All of lore.kernel.org
 help / color / mirror / Atom feed
From: Peter Xu <peterx@redhat.com>
To: Vladimir Sementsov-Ogievskiy <vsementsov@yandex-team.ru>
Cc: Steven Sistare <steven.sistare@oracle.com>,
	"Chaney, Ben" <bchaney@akamai.com>,
	Jason Wang <jasowang@redhat.com>,
	"Michael S. Tsirkin" <mst@redhat.com>,
	Stefano Garzarella <sgarzare@redhat.com>,
	Fabiano Rosas <farosas@suse.de>,
	Hamza Khan <hamza.khan@nutanix.com>,
	qemu-devel@nongnu.org
Subject: Re: [RFC V2 0/8] Live update: tap and vhost
Date: Wed, 10 Sep 2025 12:58:00 -0400	[thread overview]
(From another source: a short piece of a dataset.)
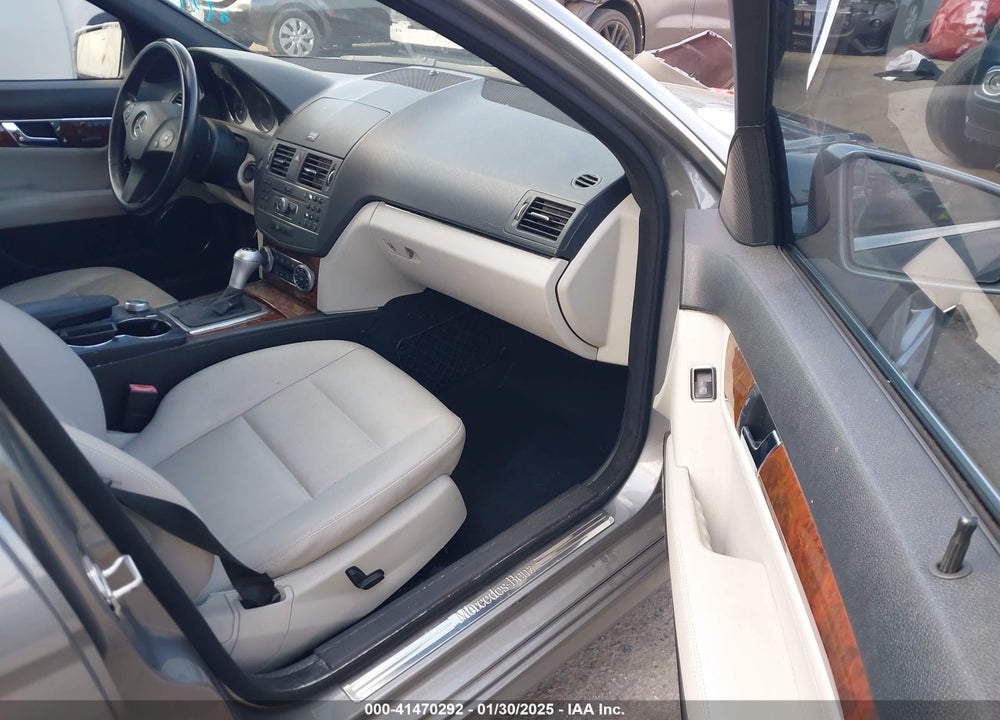 2011 MERCEDES-BENZ C 300 VIN: WDDGF5EBXBR136077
Message-ID: <aMGuGDnjsfo8wBU-@x1.local> (raw)
In-Reply-To: <b742f0e7-3ee6-4824-9713-b45ba390df1e@yandex-team.ru>

On Wed, Sep 10, 2025 at 12:35:10AM +0300, Vladimir Sementsov-Ogievskiy wrote:
> > > I wished devices could opt-in to provide its own model so that it is
> > > prepared to boot the QEMU without FDs being there and pause itself at that
> > > stage if a load would happen.
> > 
> > So, you suggest to postpone the initialization up to "start" even for "normal start"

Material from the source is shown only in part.